Royal Ramsey – A sleepy fishing town, once great, then sh*t, now ok’ish.
Home to 7,300 people, Ramsey has always been considered as the troubled younger brother to Douglas, or the slightly less druggy cousin of Peel.
This article will look back over three key eras of Ramsey’s history: we will explore the glory days; I shall present a no holds barred look at the dire days and we’ll conclude on a high with the arrival of Costa and crazy paving down the alley ways.
The Glory Years
Before cheap flights to the ‘Med’ were an option, Ramsey was a bustling tourist hot spot-think Malaga crossed with Scarborough. This was due in part to the Queen’s Pier; opened in 1886 it provided the unique opportunity to walk out 200 yards to sea, and then back again. There was also a small tram if you were prepared to ramp the excitement up to dangerous levels.
DID YOU KNOW?
Ramsey is only 19 miles from where the Bee Gee’s were born.
Away from the summer season there was no shortage of community events for the public to support, whether it be the competition to crown Miss Ramsey, with glamorous hopefuls pitted against one another to see who could gut the most herring in 60 seconds, or the annual pig shaving competition, held in Market Square on New Year’s Day, with the gathered hair woven into fancy bonnets for the local children.
As the decades passed and time took its toll on the town’s attractions less people felt the inclination to ‘take a trip’ up north – this had a devastating impact on the many pubs and guest houses and heralded the beginning of Ramsey’s great depression.
The Dark Days
Towards the end of the 20th century Ramsey was in the doldrums – whereas once full with cod and herring the bay was now awash with broken dreams, Sellafield nuclear waste and soiled sanitary towels.
The Grand Island hotel was once the jewel in Ramsey’s crown, with its sweeping lawns flanked with palm trees and opulent function rooms; by the turn of the millennium it looked like it had developed a bad crack habit and only served to host debauched 18th birthday parties and operate as a budget affair venue for philanders that couldn’t afford The Sefton.
Not even TT could revive its ailing fortunes, with bikers opting to sleep rough.
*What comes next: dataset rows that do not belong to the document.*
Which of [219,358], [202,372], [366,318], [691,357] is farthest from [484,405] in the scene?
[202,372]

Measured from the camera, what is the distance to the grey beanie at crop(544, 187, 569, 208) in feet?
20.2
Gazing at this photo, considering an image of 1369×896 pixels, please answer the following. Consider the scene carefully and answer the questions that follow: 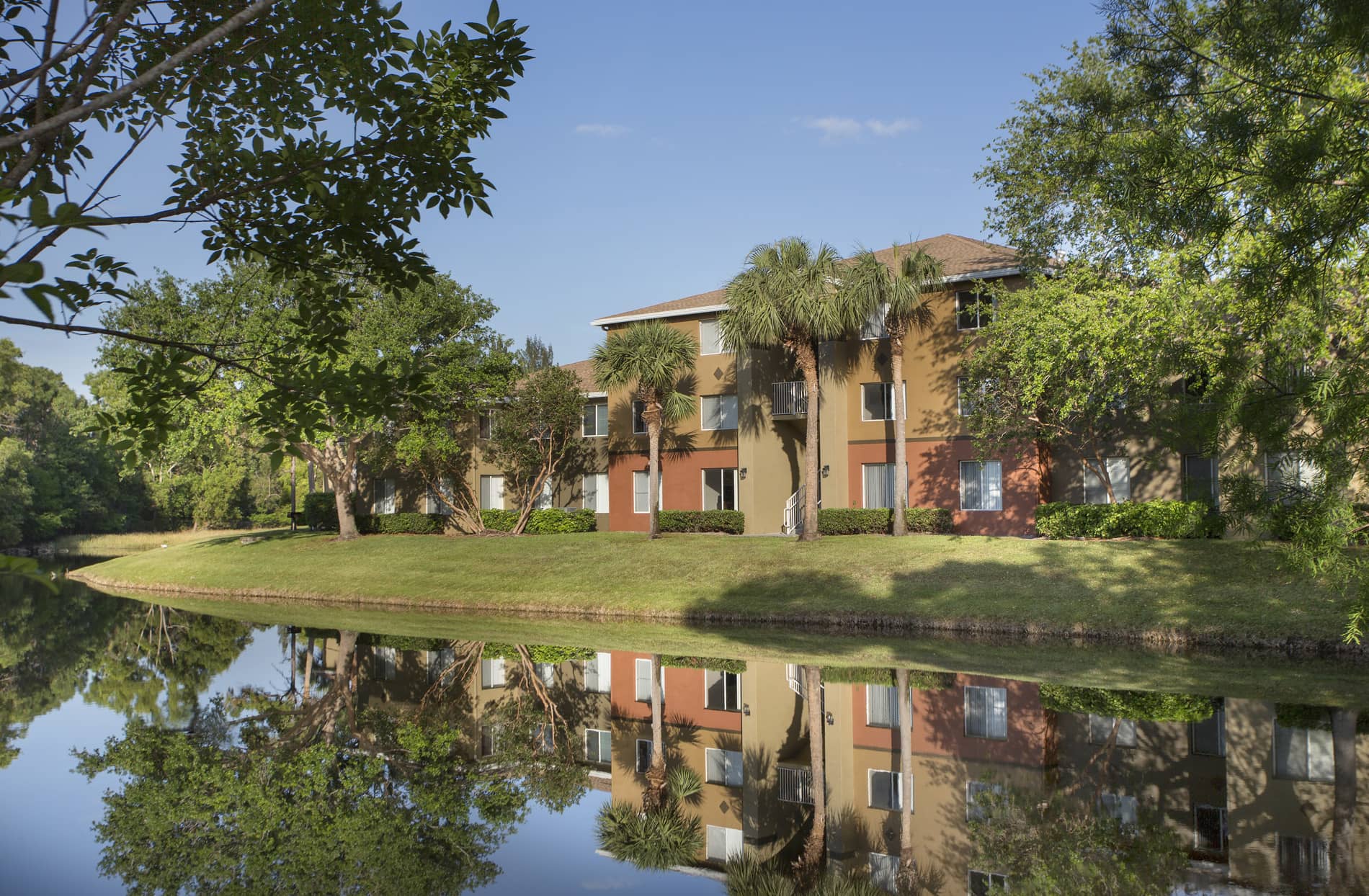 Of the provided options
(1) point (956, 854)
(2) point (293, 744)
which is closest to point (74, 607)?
(2) point (293, 744)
In 2007 the hotel that once hosted Hollywood bad boy Micky Rourke as he shot an unforgivably shite film about Shergar, closed its doors for the final time.
This mid-noughties point saw extensive decline in Ramsey, with a number of high street heavyweights throwing in the towel. Amongst the casualties were Misters Menswear (fashions from 5 years previous), Stead and Simpsons (Clunky sling backs) and Miss Clarks (lingerie for depraved 80 year olds). To quote my dear grandmother, ‘Ramsey was in the shit big time’. Little did we know that its savior was waiting in the wings, in the form of a pint sized barista with a manifesto to ‘make Ramsey great again!’.
DID YOU KNOW?
Chips, Cheese & Black is Ramsey’s local delicacy, with the traditional gravy replaced with Guinness.
Thank Christ for Costa
By 2012 Royal Ramsey had slunk into disrepair – it hadn’t been mentioned in the House of Keys since 1996 and was referred to by other Islanders as Andreas South. A once varied and bustling high street it now lay deserted, only for fifty six charity shops and two dozen scented candle/rich person tat stores.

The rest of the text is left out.